The Many Sustainable Consumers

Presenter(s): Noah Quastel
Date: Nov 28, 2005

Noah Quastel views law traditionally as having worked with an interlocking system of concepts about persons (individualistic, self-interested maximizers), exchange (freedom of contract) and objects (physical objects detached from process and production methods).  He has been considering the way "process-identifying products" (such as fair trade coffee or forest stewardship council wood) suggest ways of thinking about consumer transactions and consumption that are largely absent from traditional legal thought (both theoretic and as found in actual laws). His main argument is that green consumption implicitly involves a new conception – person as relational, exchange as involving our "metabolic relations with nature" and commodities as networks of people, places and ecologies.

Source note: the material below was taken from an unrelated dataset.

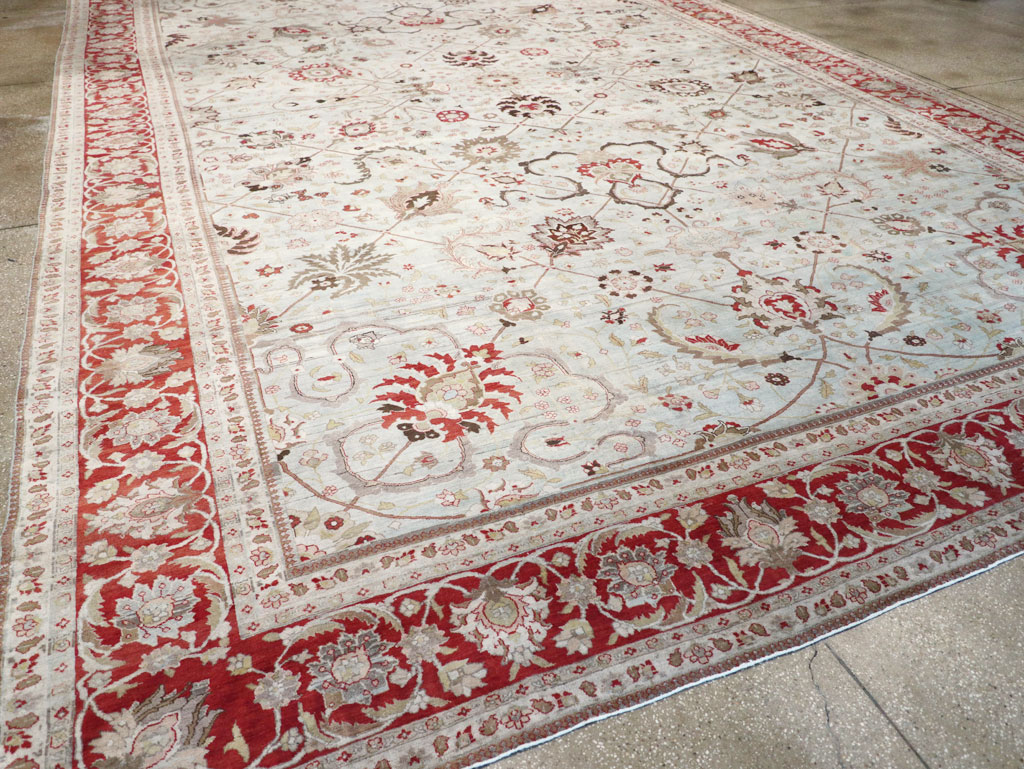 Antique Persian Tabriz Carpet, No.18141 - Gsblank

The challenge for sustainable consumption is one of how to move towards these ideals in the face of a legal and economc system designed otherwise. In his presentation, Noah will consider different concepts of the "consumer" that underlie alternative approaches to consumption policy.

Privatization and the Public Domain

Presenter(s): Shiri Pasternak
Date: Oct 20, 2005

Shiri Pasternak is coordinator of the "Forum on Privatization and the Public Domain" www.forumonpublicdomain.ca. The vision of the Forum is to deepen current public discourse on privatization, often limited to single-issue complaints, as well as to explore alternative models to both nationalism and corporatism in thinking through the meaning of the "public domain" and "commons." What are some of the theoretical and practical challenges to this vision?